Computer enthusiasts should be looking at this as a doubling of computing performance. Within a year or two, you will be buying (essentially) 6 to 8 GHz CPUs, instead of 3 to 4 GHz CPUs. As far as pure performance increase, I think this could be the greatest technology ever introduced to a processor line. No other technology (listed above – MMX, etc.) has been able to give almost 100% performance increase (theoretically) across the board in all applications.
If nothing else, think of it this way. With the ramp in CPU frequency drastically slowing over the last two years, going forward it will now be at least double what it would have been. (i.e. If AMD and Intel can currently only handle 200 – 400 MHz frequency increase in a year, with dual core that becomes 400 – 800 MHz.)

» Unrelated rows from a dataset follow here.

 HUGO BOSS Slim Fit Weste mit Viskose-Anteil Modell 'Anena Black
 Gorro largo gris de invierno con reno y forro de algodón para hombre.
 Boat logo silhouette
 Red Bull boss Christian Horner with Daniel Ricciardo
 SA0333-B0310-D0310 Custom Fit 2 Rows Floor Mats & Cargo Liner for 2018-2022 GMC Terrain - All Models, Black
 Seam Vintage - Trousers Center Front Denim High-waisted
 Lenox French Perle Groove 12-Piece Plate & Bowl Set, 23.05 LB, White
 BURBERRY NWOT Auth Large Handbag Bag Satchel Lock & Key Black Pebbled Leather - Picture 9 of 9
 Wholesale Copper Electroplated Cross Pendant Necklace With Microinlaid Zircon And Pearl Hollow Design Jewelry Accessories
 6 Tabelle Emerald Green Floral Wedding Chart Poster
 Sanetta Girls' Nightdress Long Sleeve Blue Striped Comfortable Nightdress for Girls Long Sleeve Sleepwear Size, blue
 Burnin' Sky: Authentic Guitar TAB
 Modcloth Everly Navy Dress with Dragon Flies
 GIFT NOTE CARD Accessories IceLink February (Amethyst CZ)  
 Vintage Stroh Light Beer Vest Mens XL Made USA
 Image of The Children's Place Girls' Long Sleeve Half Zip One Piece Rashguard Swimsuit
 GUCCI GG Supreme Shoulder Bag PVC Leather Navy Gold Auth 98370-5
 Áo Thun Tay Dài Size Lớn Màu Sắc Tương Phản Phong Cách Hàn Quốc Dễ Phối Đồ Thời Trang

It’s a win almost every way you look at it. So please, try not to be so critical of this great technology.
Thank you
Reflex - Saturday, October 23, 2004 - link
#37: If that were true then every ported PC game would take years to rewrite and bring to the Mac since they are not designed multi-threaded in the first place(and most Mac games are PC ports).Don't confuse the fact that you can multi-task while playing a game with the idea that the game itself is multi-threaded. They are not the one and the same, and you can multi-task while playing a game on Windows as well...
thermalpaste - Saturday, October 23, 2004 - link
Intel could have launched the dual core using the P6 architecture as in the pentium-M processor. If they still love high clock speeds, maybe they can deepen the pipelines a bit for the p6. With prescotts touching 65 degrees plus, the dual cored pentium-4s may need car radiators in order to overclock;). Its obvious that the dual cores only come into play for multi-threaded apps, so perhaps intel can shift back to p6 when majority of apps support multi-threading.